WebAssembly in Action

Author of the book "WebAssembly in Action"
Save 40% with the code: ggallantbl
The book's original source code can be downloaded from the Manning website and GitHub. The GitHub repository includes an updated-code branch that has been adjusted to work with the latest version of Emscripten (currently version 3.1.44).

Tuesday, November 13, 2012

HTML5 - WebSocket API


Before we start digging into the HTML5 WebSocket API, we need a bit of history to understand why this technology is even needed...

Normally, when you visit a web page with your browser, an HTTP request is sent to the server asking for the page. The server then responds with a result.

Depending on the type of information requested, stock prices for example, the information might be stale by the time you receive the response from the server.

So what do you do?

One common approach has been to have the web page poll the server to check for new information at a set interval as illustrated in the image below:


(click to view the image full size)

In the image above, polling is done every 50 milliseconds.

Polling the server unnecessarily has problems...
  • You're wasting the server's resources as it has to handle your request even if it has no data for you.
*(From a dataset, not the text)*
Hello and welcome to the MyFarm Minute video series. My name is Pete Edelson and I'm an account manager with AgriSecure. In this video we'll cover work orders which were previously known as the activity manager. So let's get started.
Depending on how many web pages are checking back for new information, you can actually reduce the scalability of your server.
  • You're wasting network bandwidth as cookies and all kinds of header information has to be passed to the server and back with every request and response


Workarounds like long-polling have been tried where the client makes a request but, unlike with normal polling, the server doesn't return an empty response if it doesn't have any information. Instead, the server holds onto the request until it has some information to return.

When the server has new information, it sends it to the client, along with a complete response.
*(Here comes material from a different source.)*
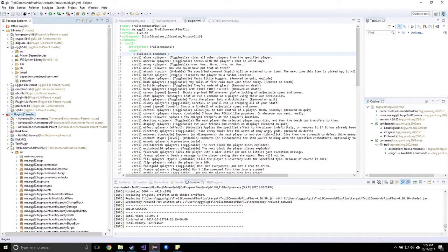Hey guys, what is up? We are here with a little bit of code, and by code I mean learning how to code well.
The client would then immediately make a new request to wait for more information.

Long-polling is basically just polling if the data changes frequently because there will be a bunch of connections made rather than one single connection.
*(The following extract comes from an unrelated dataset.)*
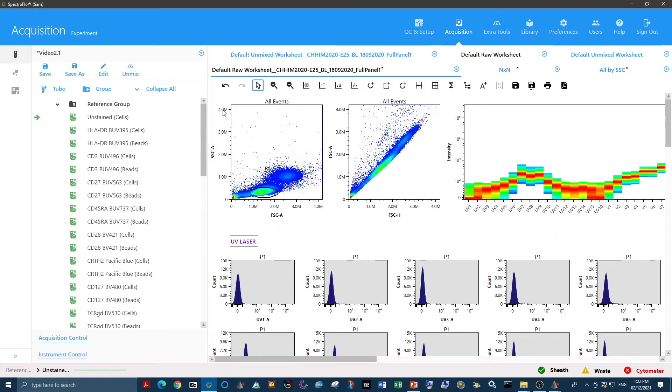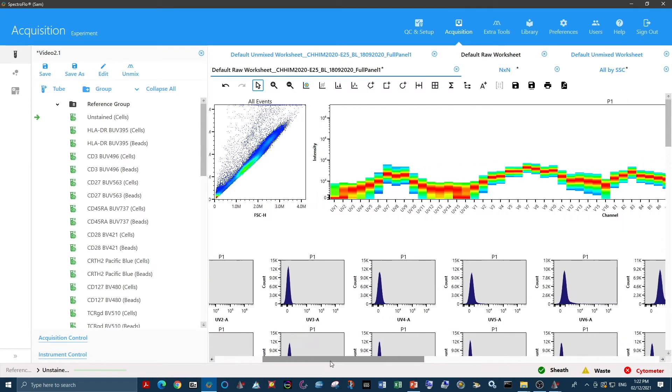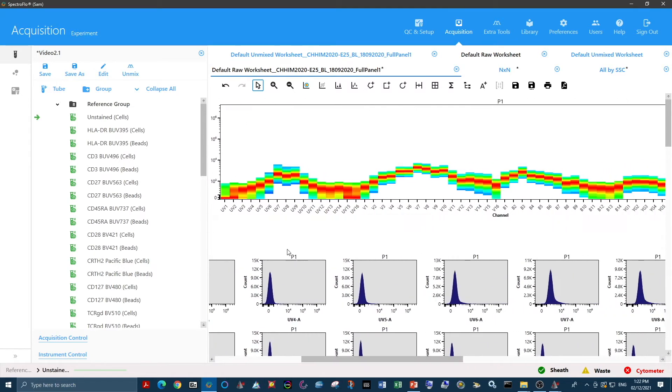The data that we've been working with in the previous videos is a good example of homogeneous autofluorescence. This panel is only interested in T-cells, and all lymphocytes have the same autofluorescence spectral signature, as we can see by this very nicely defined single signature here in the spectral plot.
Another workaround approach was to use streaming but some proxy servers and firewalls would actually buffer the messages which slows down the responses.

The result was that apps would either fall back to long-polling, if buffering was detected, or they would need to send the messages using TLS (SSL) but that adds even more overhead to the process because now the server and client also have to encrypt and decrypt the messages.


Workarounds to try and achieve full-duplex communication were also attempted by using two connections: one for the client to talk to the server and one for the server to talk to the client but that can be difficult to set up and coordinate.


Introducing Web Sockets

Web Sockets give you full-duplex functionality with a single connection between the client and server.

Full-duplex allows messages to be passed in both directions at the same time.

HTTP is half-duplex where data can only be passed in one direction at a time. For example, the server cannot respond to a client request until it has finished receiving the request.

A Web Socket connection can also remain open for the life of the session.

Based on tests run by Kaazing Corp, who have been closely involved in the specification process, depending on the amount of HTTP headers, Web Sockets have been tested to provide a 500:1, sometimes even a 1000:1 reduction in unnecessary HTTP header traffic and a 3:1 reduction in latency.

The other nice thing about Web Sockets is that they operate over port 80/443 so there are no firewall or proxy issues to contend with!


To open up a Web Socket, a client starts off with an HTTP handshake asking the server for an upgrade to the Web Socket protocol.

Once the connection is established, messages can be sent back and forth with a 0x00 byte to start the message and a 0xFF byte to end the message.

There are only 2 bytes of overhead compared to the large amount of header information that would usually exist with an HTTP request and response.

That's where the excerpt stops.